For programs, Simpson recommends putting resources where they yield the best results, doubling down on what works and refining the offering from there.

“Because it’s not a one-size-fits-all for programs. If you have different buyers, they come to you from different places, they like different things, and they have different habits. It’s really finding the programs that are going to speak to people in how they want to be spoken to. And that’s why segmentation is such a big point,” says Simpson.

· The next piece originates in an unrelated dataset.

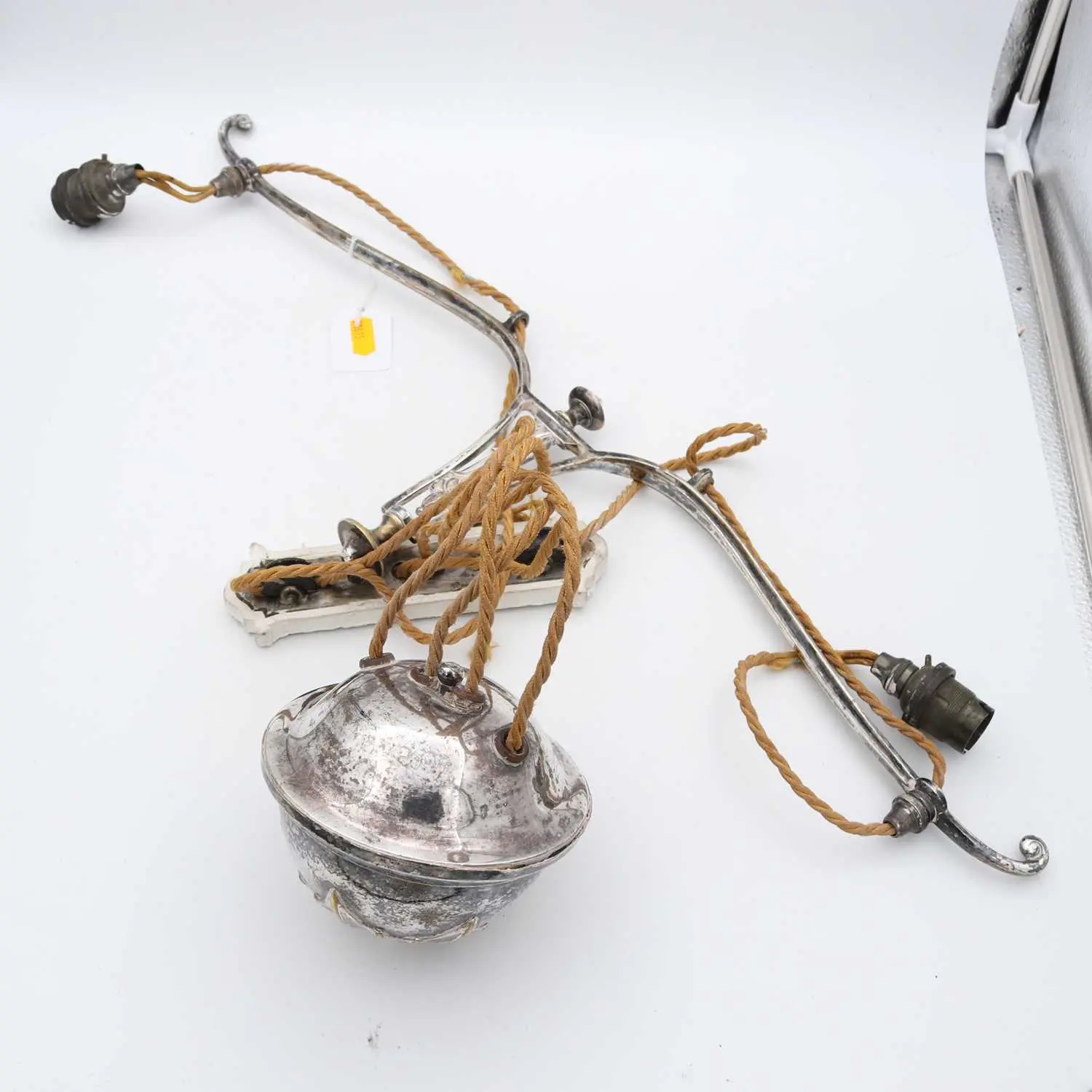 Lot 262 - An Arts & Crafts silver-plated ceiling light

Upsell and cross-selling tactics

Here are some tactics subscription companies can use to upsell and cross-sell their subscription products and services:

  • Tag content, items, areas of the product by persona interest, value, topic, etc.
  • Use dynamic content to recommend content, cross-promote products, and samples in boxes.
  • Create personalized experiences with content hubs, bespoke products that feature suggested items.
  • Find new avenues to promote complementary products based on insights.
Source: Envato Elements

Key takeaways

Simpson shares key takeaways for recurring billing merchants:

  • Use cohorts for a deeper understanding of your customer base.
  • Segmentation is the most impactful way to deliver consistent value.
  • Focus efforts on the ideal customer profile to deliver the highest LTV and ROI.
  • Optimize for CAC:LTV with acquisition efforts.
  • Optimize for LTV includes reducing failed transactions.